Definition
Vaya por delante que la aceptación es una cuestión de la propia firma: nadie de fuera firma la decisión por usted. Los informes de control de calidad del ICAC llevan años repitiendo lo mismo. La mayoría de los expedientes sancionadores graves no arrancan en el trabajo de campo. Arrancan antes: en una evaluación de aceptación que el socio marcó por compromiso, sin haber mirado de verdad si el cliente encajaba con la firma. La NIA-ES 210.6 y la NIA-ES 220.14-16 regulan el proceso. Lo que falla casi siempre es el proceso anterior al proceso: el momento en que el socio necesita el cliente.
Qué falla antes de que la norma entre en juego
Empecemos por donde empieza el problema, no por donde empieza la norma. Por lo que conozco del sector, la secuencia típica de un encargo que acaba mal es esta: el socio responsable recibe una llamada en octubre, el cliente quiere auditor nuevo antes del cierre, la oferta económica cubre el hueco de facturación del despacho, y la evaluación de aceptación se completa en media hora con un cuestionario que se firma porque ya está firmado. Fue un trámite. Nadie habló con el auditor saliente. Nadie llamó al departamento de cumplimiento para que cruzara la lista de familiares del equipo. Nadie se preguntó en serio si el despacho tenía experiencia en ese sector concreto o si iba a aprender sobre la marcha a costa del expediente.

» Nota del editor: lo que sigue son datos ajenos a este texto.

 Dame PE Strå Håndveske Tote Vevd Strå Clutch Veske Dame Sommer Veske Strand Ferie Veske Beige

Esto no es un escenario raro. Es el perfil de la mayoría de expedientes abiertos por el ICAC donde aparece la palabra "aceptación". El socio necesita el cliente, y el sistema de control interno del despacho no se diseñó para decirle que no al socio que trae facturación.

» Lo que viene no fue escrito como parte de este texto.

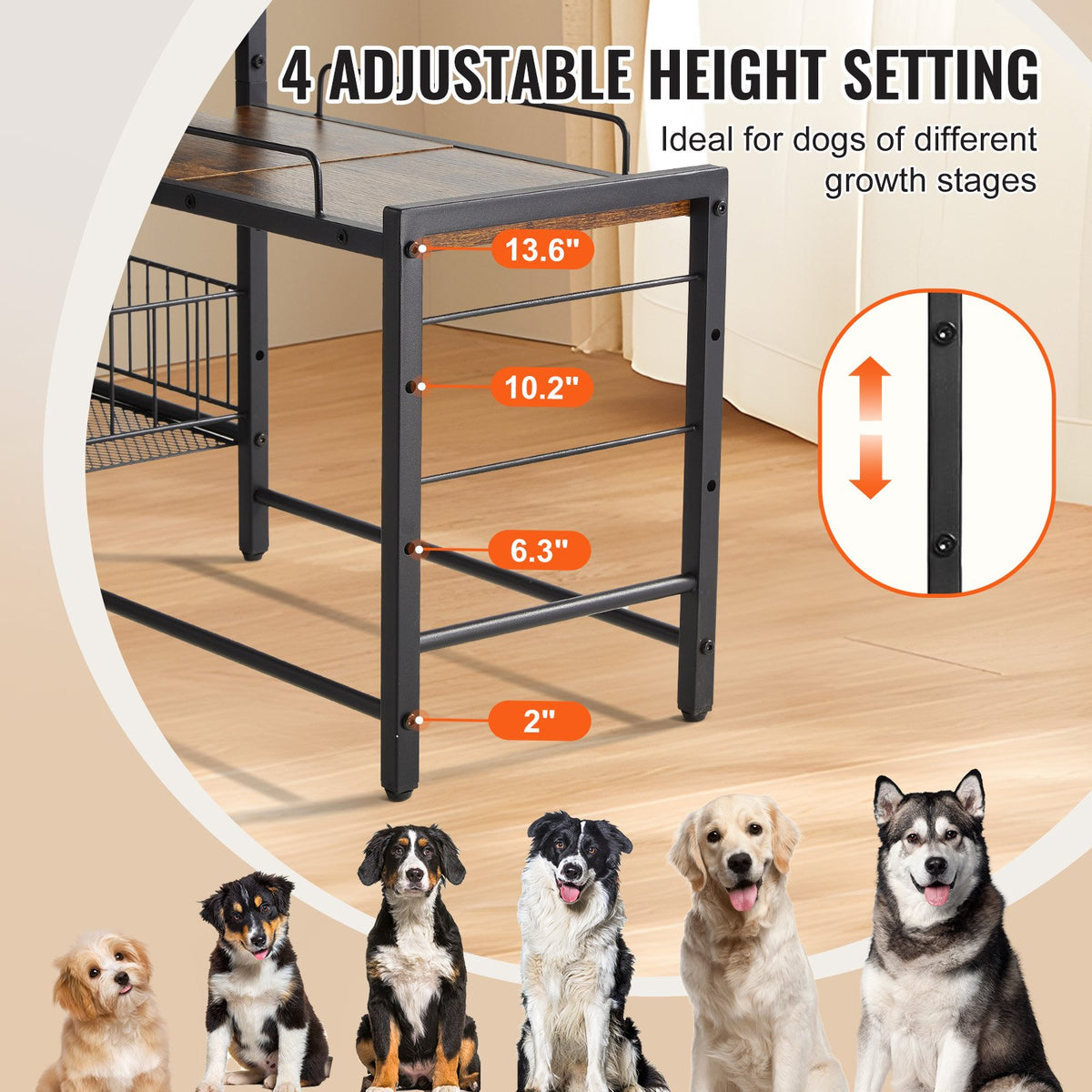 Raised Dog Feeding Station with Storage and Toy Organizer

La NIA-ES 210.6 exige algo muy concreto antes de cualquier otra cosa: verificar que se cumplen los requisitos previos para la auditoría. Que la dirección asume su responsabilidad sobre las cuentas anuales. Que habrá acceso a los registros. Que el marco de información financiera es aceptable. Estos tres puntos son las condiciones mínimas. La NIA-ES 220.14-16 añade una capa distinta: el socio responsable debe estar convencido de que el equipo y la firma tienen la competencia, la capacidad y el tiempo para ejecutar el encargo conforme a las normas de aseguramiento.

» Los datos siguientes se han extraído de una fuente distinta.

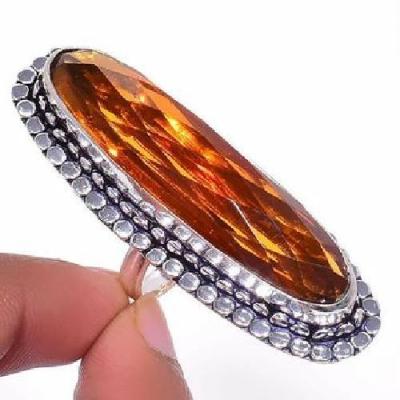 Ct 0525a bague chevaliere t57 18gr 12x48mm citrine madere argent 925 bijoux achat vente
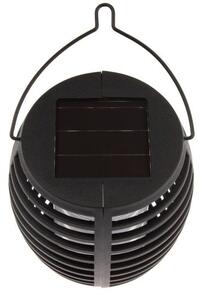 Polux LED dekoratív leszúrható napelemes lámpa, lánghatás, 1700K, magasság 25 cm, IP44, fekete ABS tok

La zona gris vive entre ambos artículos. Los requisitos previos son binarios; la evaluación de competencia no. ¿Cuánta experiencia sectorial es suficiente? ¿Cuándo una rotación de equipo compromete la continuidad del conocimiento? ¿Dónde está la frontera entre "aprenderemos" y "no deberíamos aceptarlo"? Desde mi punto de vista, aquí es donde la norma no decide por usted. Decide usted, y el papel de trabajo recoge por qué.
Cómo se documenta en la práctica
La evaluación debe cubrir tres bloques con evidencia, no con casillas marcadas.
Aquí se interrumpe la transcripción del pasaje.